Landscape Architects Advocate for Sustainability at COP29
By Fay Harvey
BAKU, Azerbaijan — For the third year in a row, the American Society of Landscape Architects (ASLA) has been selected to take part in the Conference of Parties to the United Nations Framework Convention on Climate Change. This year’s conference, COP29, will be held in Baku, Azerbaijan. ASLA will be represented by two delegates who will offer climate-focused workshops and presentations to global leaders.
The conference includes a series of formal meetings in which governments assess worldwide efforts to advance the Paris Agreement, which aims to limit global warming to 1.5–2°C above pre-industrial levels.
At COP29, ASLA member leaders will discuss the ways landscape architects can design nature-based solutions to create real-world benefits, from increased biodiversity and net-zero possibilities to improvement of community livelihood, health and resilience.
Pamela Conrad, ASLA, PLA, is one of two delegates representing ASLA at COP 29. Conrad is ASLA’s Climate Action Plan chair and International Federation of Landscape Architect’s Climate and Biodiversity Working Group vice-chair.

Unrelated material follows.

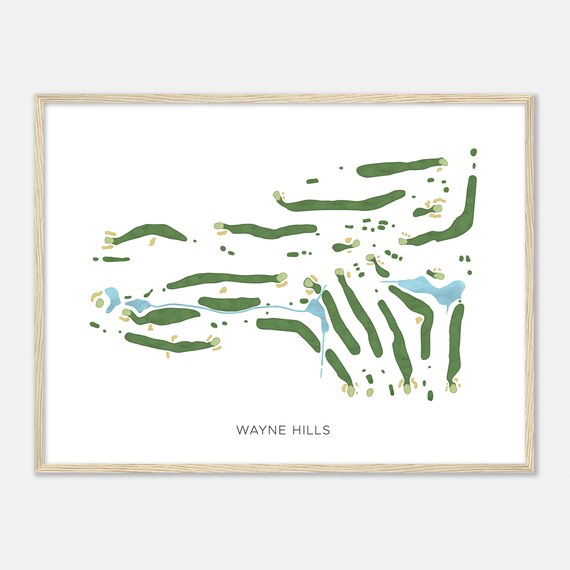 Wayne Hills New York Modern Watercolor Map Golfer Gift Golf Wall Art Golf Poster Print Course Layout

Conrad is the founder of Climate Positive Design, a San Francisco-based architecture and planning firm and is a lecturer at Harvard University’s Graduate School of Design, having served as a Harvard Loeb Fellow in 2023.

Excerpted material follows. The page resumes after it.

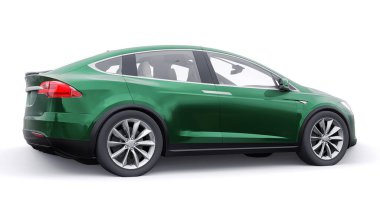 Tula, Rusya. 6 Ocak 2022: Tesla Model X tam boyutlu şehir cipi. Araba beyaz arka planda izole edilmiş. 3d oluşturma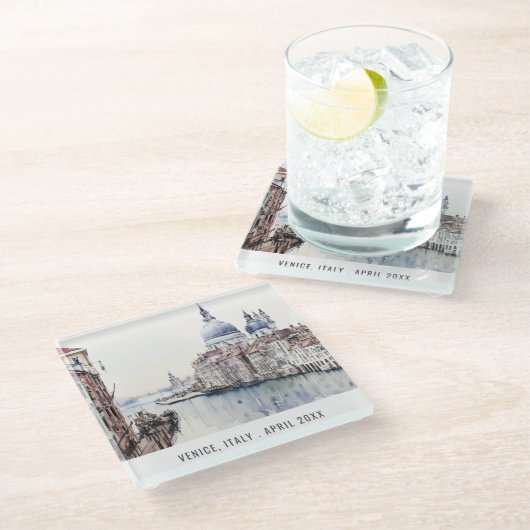 パステルヴェネツィアイタリアウォーターカラートラベイタリアンル ガラスコースター (アングル)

Representing ASLA alongside Conrad is Kotchakorn Voraakhom, landscape architect delegate of the Government of Thailand. Voraakhom is the founder of Landprocess, a Bangkok-based landscape architecture and urban design firm helping cities shift to carbon-neutral futures by defending carbon-sequestering landscapes and is also a chair of IFLA’s Climate and Biodiversity Working Group.

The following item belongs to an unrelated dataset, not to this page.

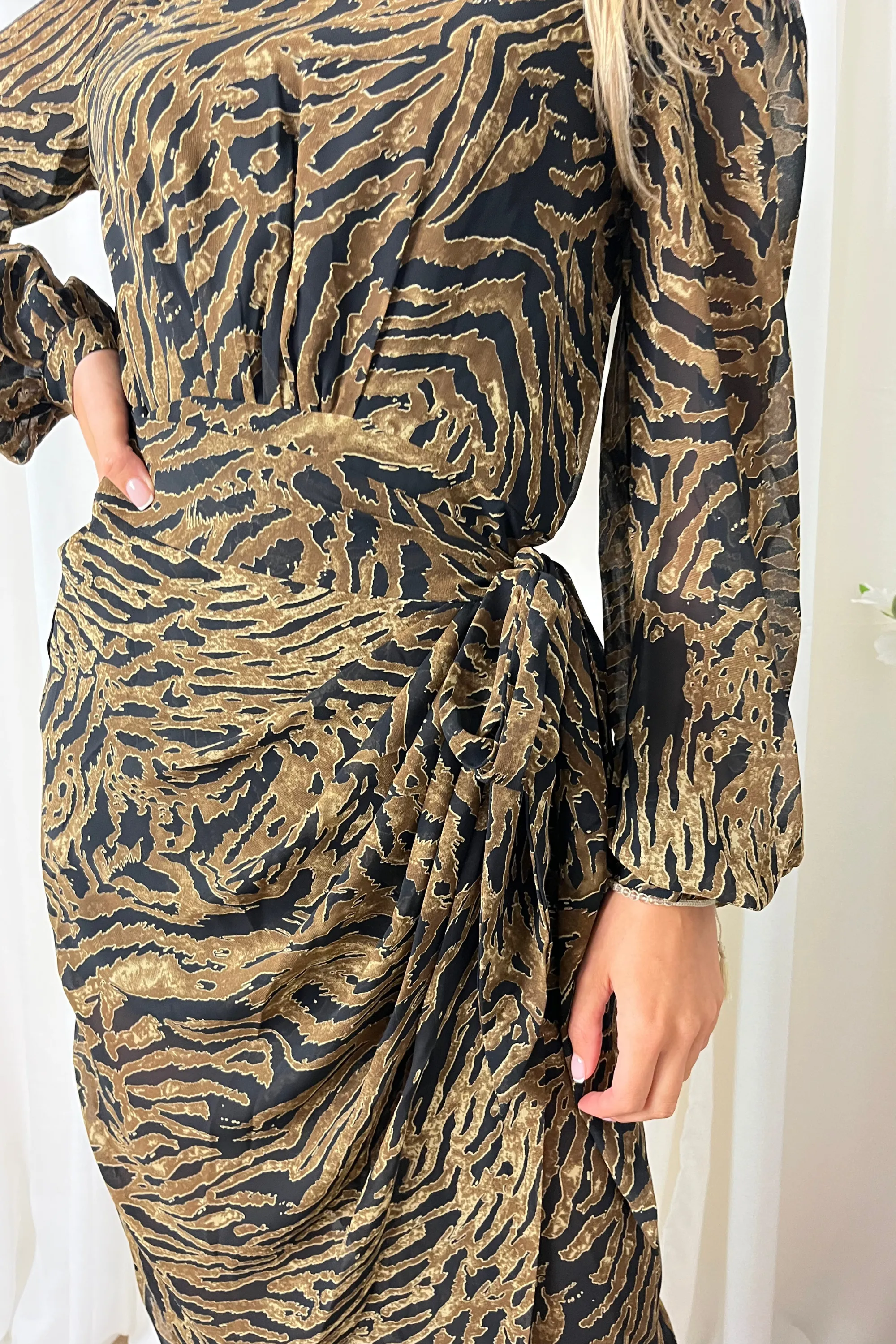 Long Sleeve Animal Print Wrap Dress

At the conference, Conrad will introduce “WORKS with NATURE,” a guide created by Climate Positive Design in collaboration with Voraakhom’s Landprocess. The guide, which Conrad developed during her two-year ASLA Biodiversity and Climate Action Fellowship, highlights low-carbon, nature-based ways communities can adapt to and combat extreme heat, flooding, wildfire and drought while also supporting health and biodiversity, according to ASLA’s website. Solutions found in the guide use a mix of rural and urban techniques and are derived from 38 countries, both developing and developed.
In addition, Conrad and Voraakhom are set to co-present a workshop titled “Working with Nature in National Adaptation Plans,” aimed toward global policymakers in the blue zone, the delegate area of the conference. The landscape-solutions workshop is the first to be hosted by the UN and guided by landscape architects, opening a door for collaboration across nations and advancement of climate crisis solutions.
“Pamela Conrad and Kotch Voraakhom will show policymakers how to design with nature, so communities can adapt to climate impacts but also reduce emissions and restore ecosystems at the same time,” said Torey Carter-Conneen, CEO of ASLA, in a statement to ASLA’s website. “It’s the start of such important global work.”